WHAT THIS TASK INVOLVES
The word to find is "Blazer". State how many lines below contain it, giving only the number.

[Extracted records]
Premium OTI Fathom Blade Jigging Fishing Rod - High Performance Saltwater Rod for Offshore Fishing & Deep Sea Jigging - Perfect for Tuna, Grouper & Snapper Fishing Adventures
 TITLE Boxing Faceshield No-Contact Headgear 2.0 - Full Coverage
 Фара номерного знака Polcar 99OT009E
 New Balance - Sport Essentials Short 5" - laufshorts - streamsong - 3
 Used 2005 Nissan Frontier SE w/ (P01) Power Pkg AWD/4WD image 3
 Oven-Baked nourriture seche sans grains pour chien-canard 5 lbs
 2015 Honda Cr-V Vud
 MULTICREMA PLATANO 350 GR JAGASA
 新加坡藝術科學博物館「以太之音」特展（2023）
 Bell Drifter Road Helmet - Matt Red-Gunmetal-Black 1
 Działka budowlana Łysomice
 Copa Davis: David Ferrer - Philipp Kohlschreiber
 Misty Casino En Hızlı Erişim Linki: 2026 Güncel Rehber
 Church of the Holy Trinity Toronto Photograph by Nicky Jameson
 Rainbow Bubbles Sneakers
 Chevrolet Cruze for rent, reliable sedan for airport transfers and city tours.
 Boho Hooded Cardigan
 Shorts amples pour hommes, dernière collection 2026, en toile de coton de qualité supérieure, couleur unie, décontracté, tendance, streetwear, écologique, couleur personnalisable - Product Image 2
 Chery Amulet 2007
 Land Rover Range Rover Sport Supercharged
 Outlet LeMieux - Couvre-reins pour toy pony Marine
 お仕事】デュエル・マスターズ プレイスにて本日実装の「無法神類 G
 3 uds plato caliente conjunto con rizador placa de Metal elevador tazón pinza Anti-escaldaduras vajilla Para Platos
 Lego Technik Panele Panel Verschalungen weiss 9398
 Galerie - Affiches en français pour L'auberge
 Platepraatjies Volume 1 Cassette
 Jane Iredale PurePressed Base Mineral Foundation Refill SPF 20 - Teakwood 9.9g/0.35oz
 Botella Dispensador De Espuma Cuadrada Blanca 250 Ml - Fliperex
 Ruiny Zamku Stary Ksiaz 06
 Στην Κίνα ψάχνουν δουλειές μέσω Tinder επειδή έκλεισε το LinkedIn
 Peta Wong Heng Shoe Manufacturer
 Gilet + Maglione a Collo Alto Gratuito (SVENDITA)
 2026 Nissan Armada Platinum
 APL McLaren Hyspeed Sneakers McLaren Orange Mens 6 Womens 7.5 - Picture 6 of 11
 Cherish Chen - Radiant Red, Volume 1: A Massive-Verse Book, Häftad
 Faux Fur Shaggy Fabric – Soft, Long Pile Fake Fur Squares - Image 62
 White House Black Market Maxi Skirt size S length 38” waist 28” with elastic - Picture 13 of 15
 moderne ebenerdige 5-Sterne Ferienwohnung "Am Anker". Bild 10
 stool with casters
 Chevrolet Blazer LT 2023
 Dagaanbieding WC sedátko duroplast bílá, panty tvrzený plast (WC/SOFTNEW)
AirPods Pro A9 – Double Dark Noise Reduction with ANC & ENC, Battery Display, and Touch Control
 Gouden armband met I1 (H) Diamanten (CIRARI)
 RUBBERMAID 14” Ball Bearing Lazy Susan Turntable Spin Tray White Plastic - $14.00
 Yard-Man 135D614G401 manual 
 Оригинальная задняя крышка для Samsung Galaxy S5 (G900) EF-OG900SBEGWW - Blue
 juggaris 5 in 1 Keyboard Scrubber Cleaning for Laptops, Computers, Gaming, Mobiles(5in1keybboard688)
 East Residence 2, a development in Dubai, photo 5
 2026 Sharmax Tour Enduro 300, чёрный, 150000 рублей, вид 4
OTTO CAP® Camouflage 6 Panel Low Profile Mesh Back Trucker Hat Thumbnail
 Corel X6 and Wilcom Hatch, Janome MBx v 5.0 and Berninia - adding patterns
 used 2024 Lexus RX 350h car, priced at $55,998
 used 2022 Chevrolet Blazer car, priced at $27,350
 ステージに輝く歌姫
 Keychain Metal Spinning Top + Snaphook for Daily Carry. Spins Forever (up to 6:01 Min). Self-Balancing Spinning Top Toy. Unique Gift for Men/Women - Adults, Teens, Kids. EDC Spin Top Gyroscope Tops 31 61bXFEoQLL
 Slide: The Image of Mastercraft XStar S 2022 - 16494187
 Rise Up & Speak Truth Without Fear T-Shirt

REPLY
2